= Work to be completed =
Give back exactly the lines of the data below, starting with the line that has "HEARTNICE Womens Fleece" and going on through the line that has "Elizabeth I, Queen".

(Stored entries)
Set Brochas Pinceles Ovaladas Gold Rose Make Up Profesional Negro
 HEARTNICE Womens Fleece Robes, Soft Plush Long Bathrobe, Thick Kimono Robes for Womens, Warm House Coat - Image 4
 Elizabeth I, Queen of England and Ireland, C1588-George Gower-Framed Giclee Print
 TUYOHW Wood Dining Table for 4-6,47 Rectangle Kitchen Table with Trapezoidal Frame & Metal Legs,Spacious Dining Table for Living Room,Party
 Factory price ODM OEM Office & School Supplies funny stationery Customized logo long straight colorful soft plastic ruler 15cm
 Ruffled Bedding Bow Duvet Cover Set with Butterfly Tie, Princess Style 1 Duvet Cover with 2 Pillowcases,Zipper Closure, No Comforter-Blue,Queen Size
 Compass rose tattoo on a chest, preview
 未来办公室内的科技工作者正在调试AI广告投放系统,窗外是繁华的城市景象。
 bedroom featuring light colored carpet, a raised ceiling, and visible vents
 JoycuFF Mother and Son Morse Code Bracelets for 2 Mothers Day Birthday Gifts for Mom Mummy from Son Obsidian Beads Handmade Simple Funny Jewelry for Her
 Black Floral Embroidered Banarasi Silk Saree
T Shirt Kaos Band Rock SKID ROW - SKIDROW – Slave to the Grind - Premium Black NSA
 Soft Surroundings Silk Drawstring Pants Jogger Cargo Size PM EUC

= Response =
 HEARTNICE Womens Fleece Robes, Soft Plush Long Bathrobe, Thick Kimono Robes for Womens, Warm House Coat - Image 4
 Elizabeth I, Queen of England and Ireland, C1588-George Gower-Framed Giclee Print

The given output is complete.